=== Begin Enclosure ===
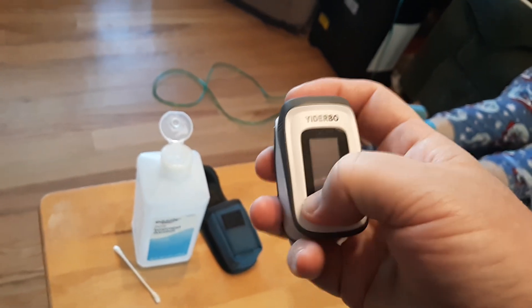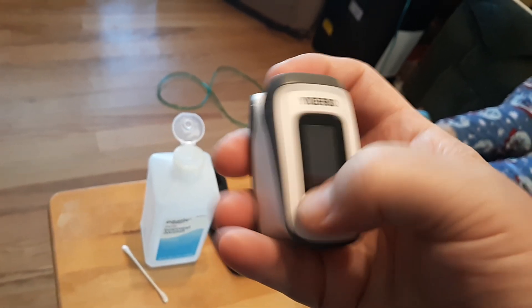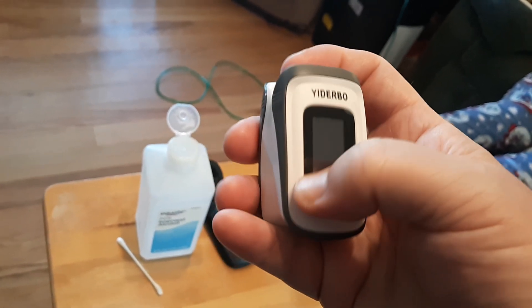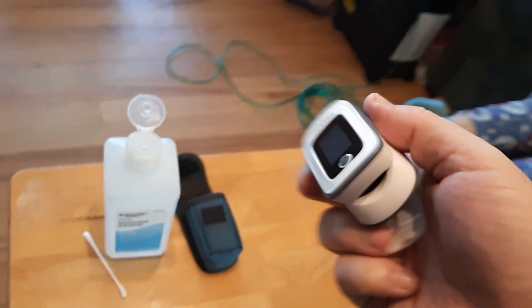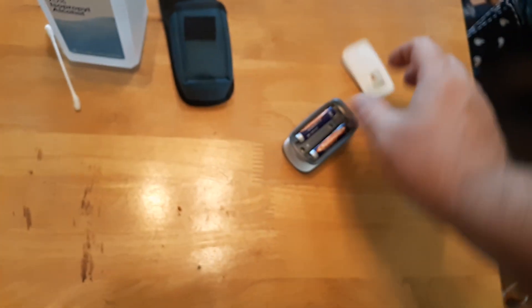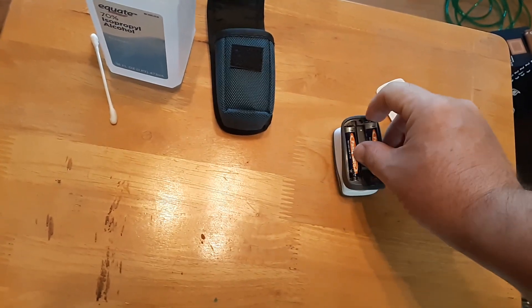If that doesn't work, I want you to press down multiple times on the battery very firmly to see if that will get it to work. A lot of times it will, and if you've tried that with fresh batteries and it still doesn't work, there's a good possibility that you have corroded battery terminals.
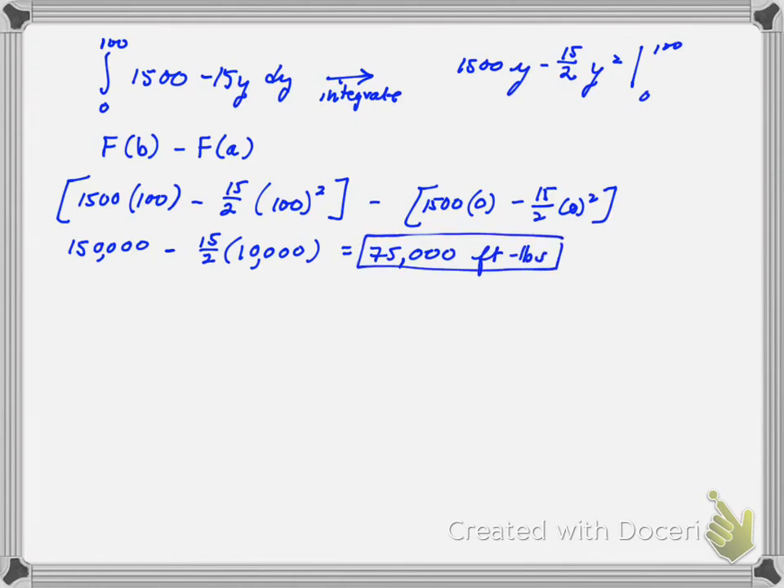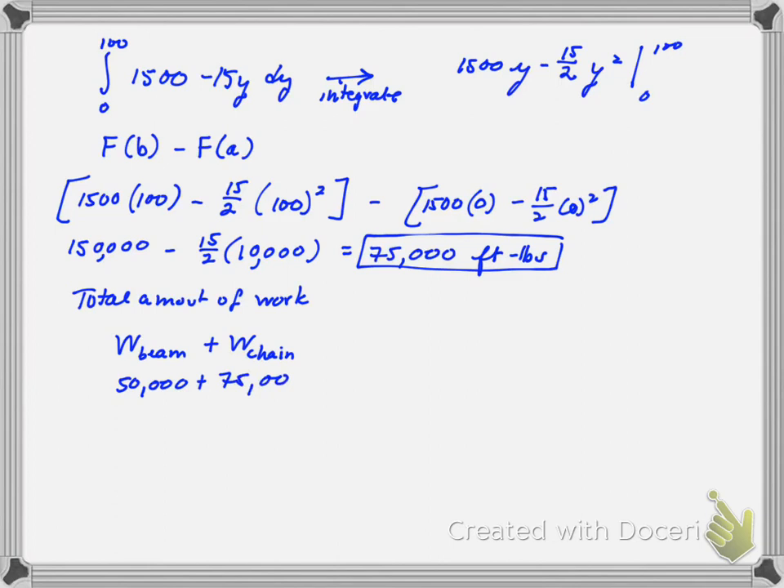If you want to find the total amount of work — this is a bonus — you take the work of the beam and add the work of the chain. The work of the beam from part A was 50,000, plus the work of the chain was 75,000. Adding those together, you get 125,000 foot-pounds total. That's a bonus; the problem didn't ask for that.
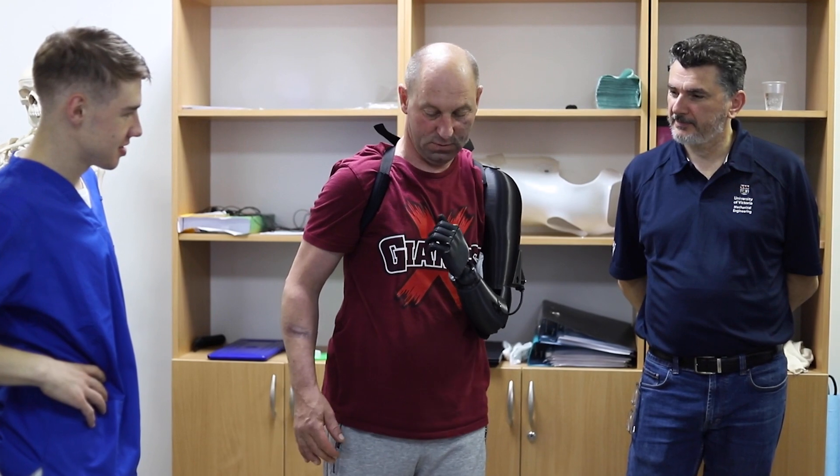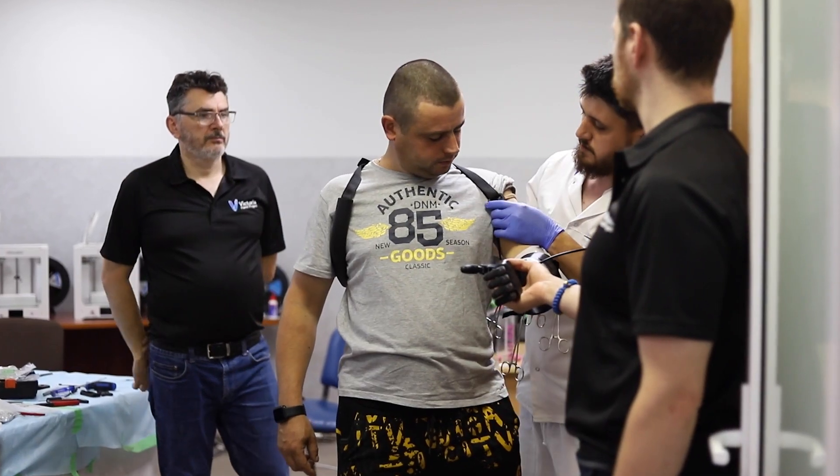We're very focused on upper extremity prosthetic care. We want to continue to improve these devices.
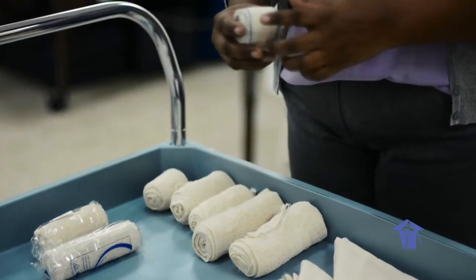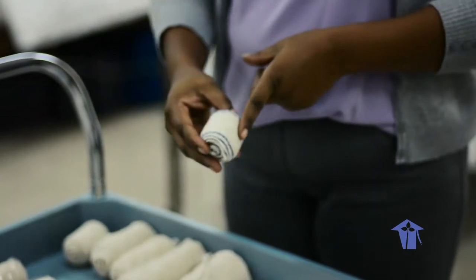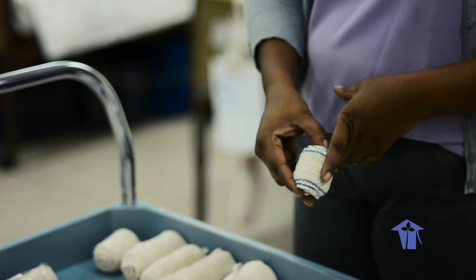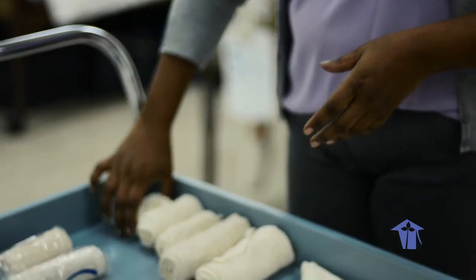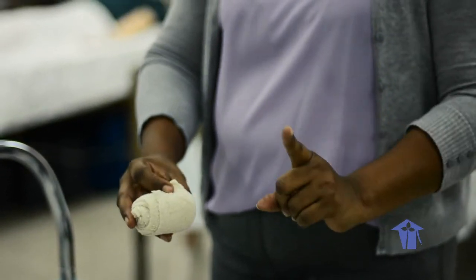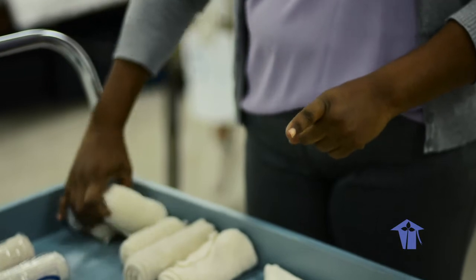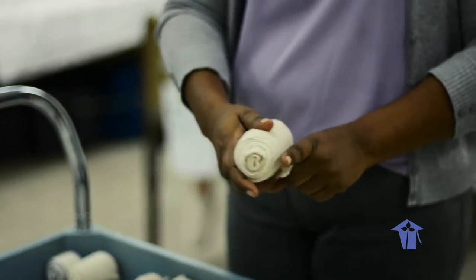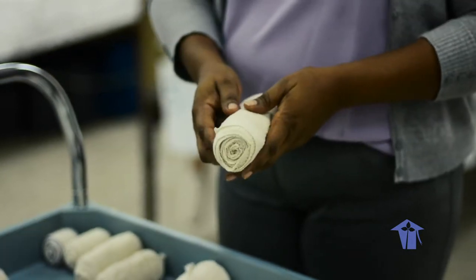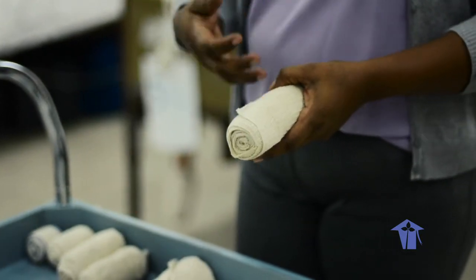You have your approximate two-inch bandage, which would be used to wrap a finger or even a small wrist, or for a very small person. You have your three-inch — you can use your finger as an indicator of how wide a bandage is. This is a three-inch bandage, this would be a four-inch, and this would be a six-inch. The larger-sized bandages we tend to use for wrapping a limb like a leg, head, or a stump.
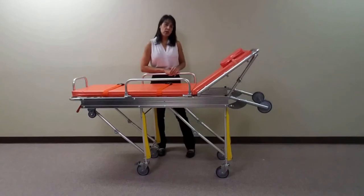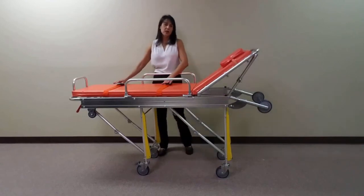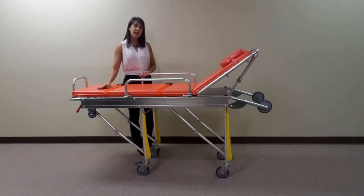For safety considerations, the unit comes with two drop-down locking side rails as well as two safety patient straps. This unit measures 35 inches to the top of the pad in a full upright position and 11 inches to the top of the pad when fully collapsed.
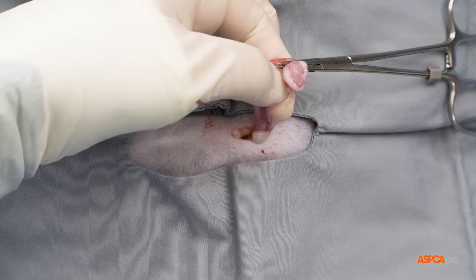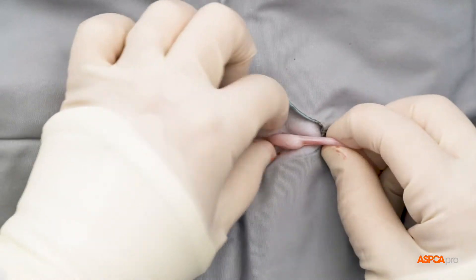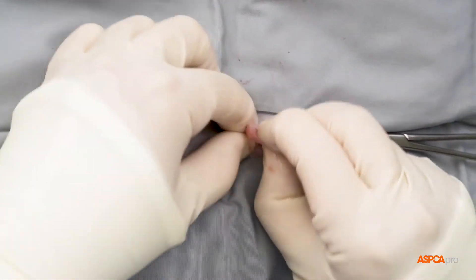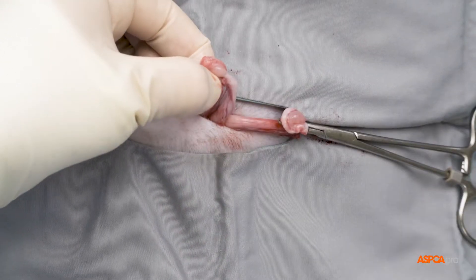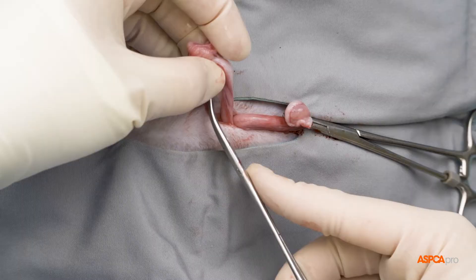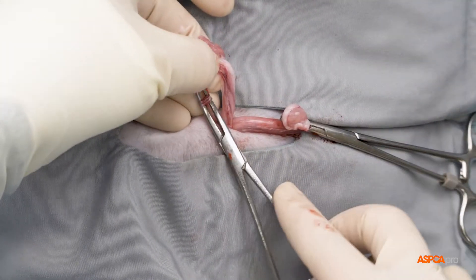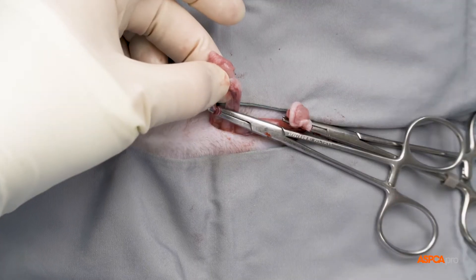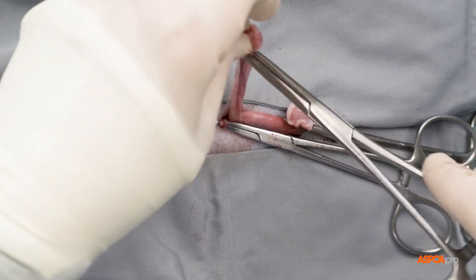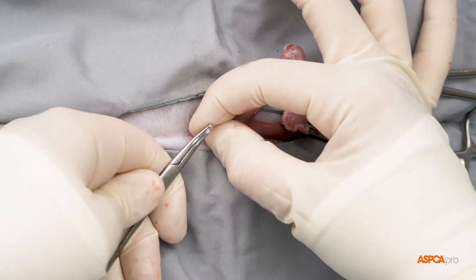Next, the broad ligament is cleared away from the uterine horn. Tracing the tract to the second ovary, the process is repeated: the suspensory ligament is severed, a window is made, the pedicle is auto-ligated, and the ovary is cut away. The knot is secured, and the surgeon confirms hemostasis.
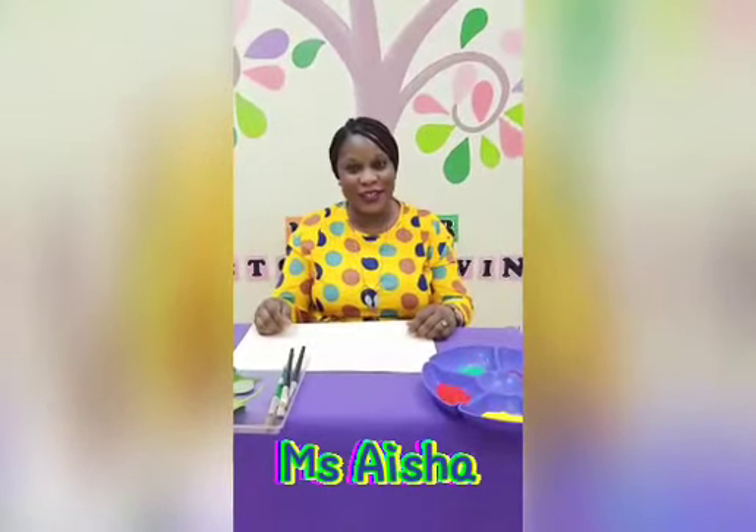Hello, good morning boys and girls! Welcome back to another day of fun learning. We've been learning about monsters and aliens, and today we have an interesting activity for you. We want to turn leaves into beautiful music by painting on the leaves using the autumn colors.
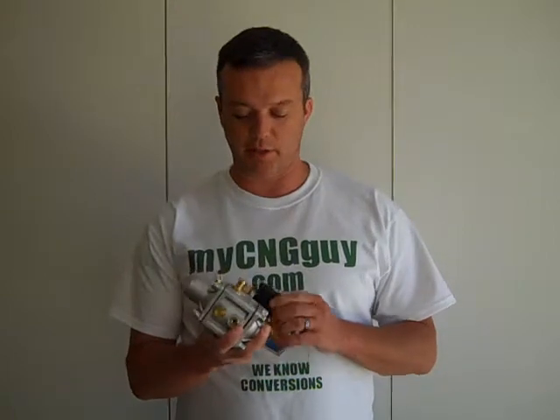Hey guys, this is Troy with MyCNGGuy.com. Today I'm going to show you two of our high pressure regulators. We use these in our sequential injection systems.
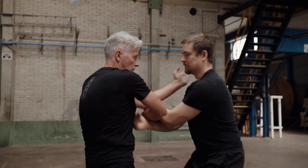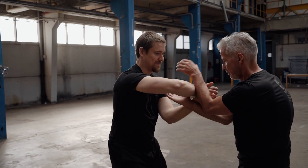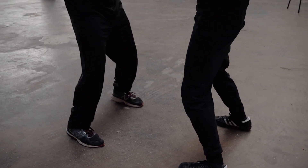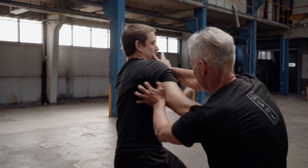The double palm strike is especially dangerous if there isn't much space and your opponent trips over things laying around, or even worse if he runs into a wall. In any case, if he loses his balance, he cannot attack you.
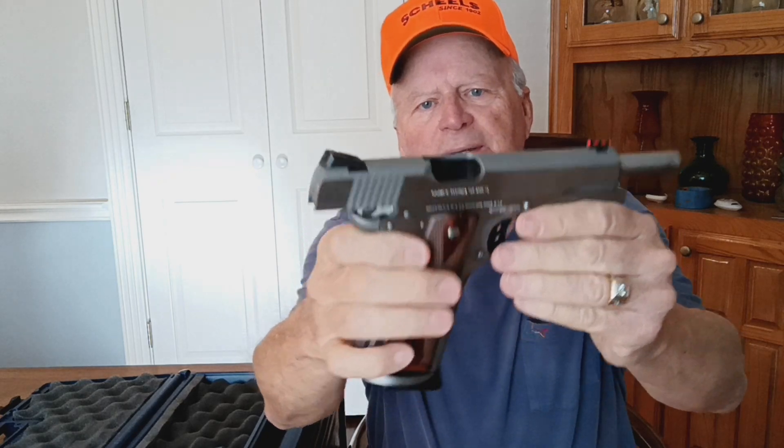Here's the gun. Let's take a look and show you that it is a completely unloaded firearm — nothing in the chamber, nothing in the magazine.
=== End Enclosure ===
§ **Work required**:
The listing above should be returned word for word, with pictures omitted.

§ **Task result**:
If that doesn't work, I want you to press down multiple times on the battery very firmly to see if that will get it to work. A lot of times it will, and if you've tried that with fresh batteries and it still doesn't work, there's a good possibility that you have corroded battery terminals.
If you want to find the total amount of work — this is a bonus — you take the work of the beam and add the work of the chain. The work of the beam from part A was 50,000, plus the work of the chain was 75,000. Adding those together, you get 125,000 foot-pounds total. That's a bonus; the problem didn't ask for that.
We're very focused on upper extremity prosthetic care. We want to continue to improve these devices.
You have your approximate two-inch bandage, which would be used to wrap a finger or even a small wrist, or for a very small person. You have your three-inch — you can use your finger as an indicator of how wide a bandage is. This is a three-inch bandage, this would be a four-inch, and this would be a six-inch. The larger-sized bandages we tend to use for wrapping a limb like a leg, head, or a stump.
For safety considerations, the unit comes with two drop-down locking side rails as well as two safety patient straps. This unit measures 35 inches to the top of the pad in a full upright position and 11 inches to the top of the pad when fully collapsed.
Next, the broad ligament is cleared away from the uterine horn. Tracing the tract to the second ovary, the process is repeated: the suspensory ligament is severed, a window is made, the pedicle is auto-ligated, and the ovary is cut away. The knot is secured, and the surgeon confirms hemostasis.
Hello, good morning boys and girls! Welcome back to another day of fun learning. We've been learning about monsters and aliens, and today we have an interesting activity for you. We want to turn leaves into beautiful music by painting on the leaves using the autumn colors.
Hey guys, this is Troy with MyCNGGuy.com. Today I'm going to show you two of our high pressure regulators. We use these in our sequential injection systems.
The double palm strike is especially dangerous if there isn't much space and your opponent trips over things laying around, or even worse if he runs into a wall. In any case, if he loses his balance, he cannot attack you.
Here's the gun. Let's take a look and show you that it is a completely unloaded firearm — nothing in the chamber, nothing in the magazine.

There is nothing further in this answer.